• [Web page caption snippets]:
[Start of Attachment]

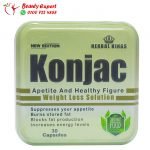 Konjac capsules square shape package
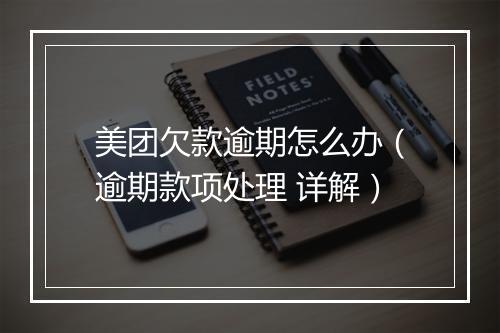 美团欠款逾期怎么办（逾期款项处理 详解）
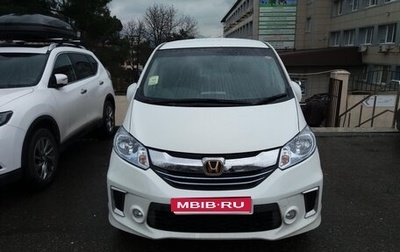 Honda Freed I, 2015 год, 1 320 000 рублей, 1 фотография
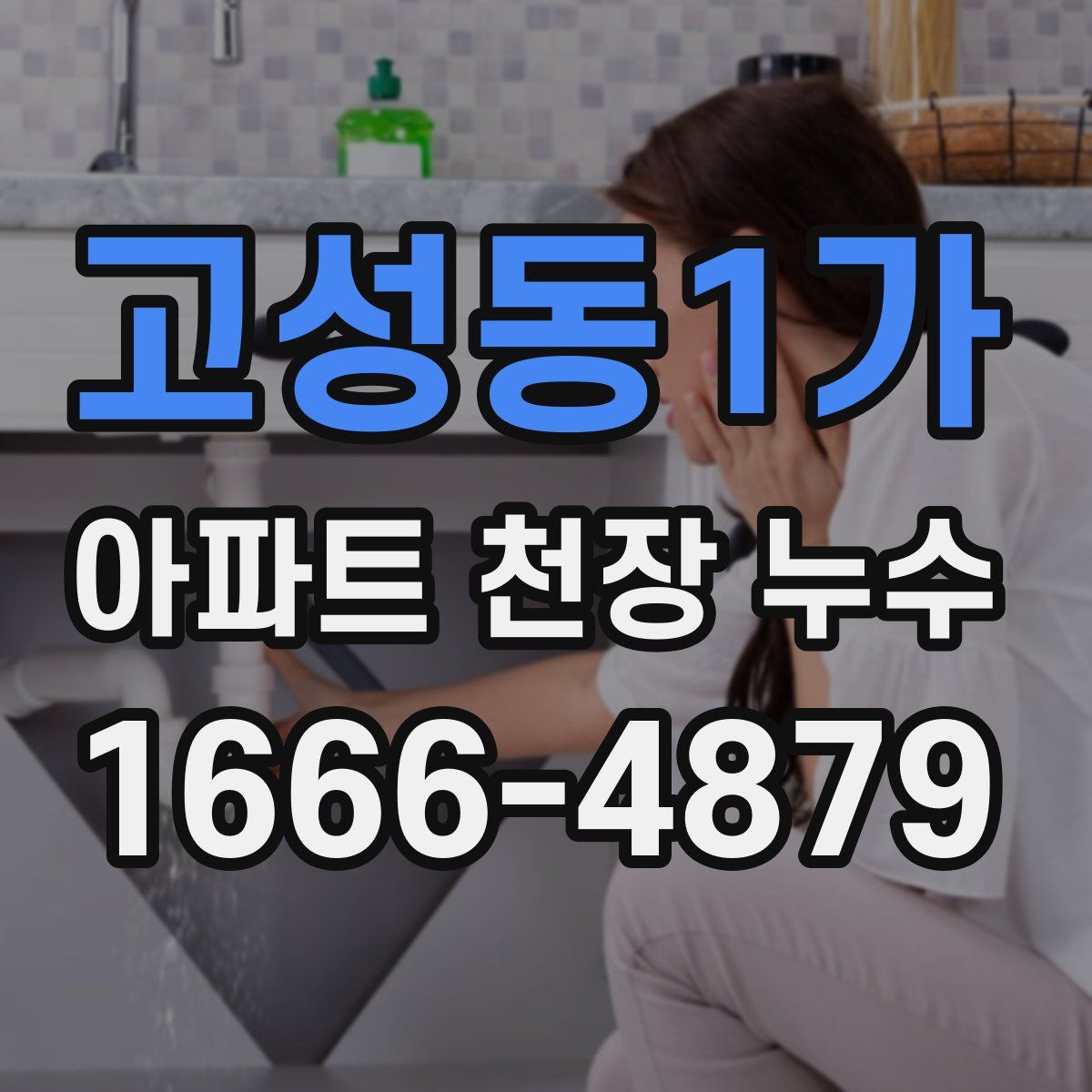 고성동1가 아파트 천장 누수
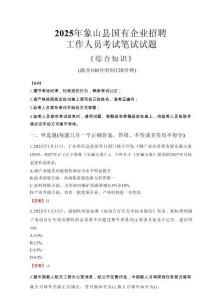 2025年象山縣國企考試真題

[End of Attachment]

• [Your instructions]: Write every entry again exactly as given, skipping the pictures.

• [Result of this exercise]:
 Konjac capsules square shape package
 美团欠款逾期怎么办（逾期款项处理 详解）
 Honda Freed I, 2015 год, 1 320 000 рублей, 1 фотография
 고성동1가 아파트 천장 누수
 2025年象山縣國企考試真題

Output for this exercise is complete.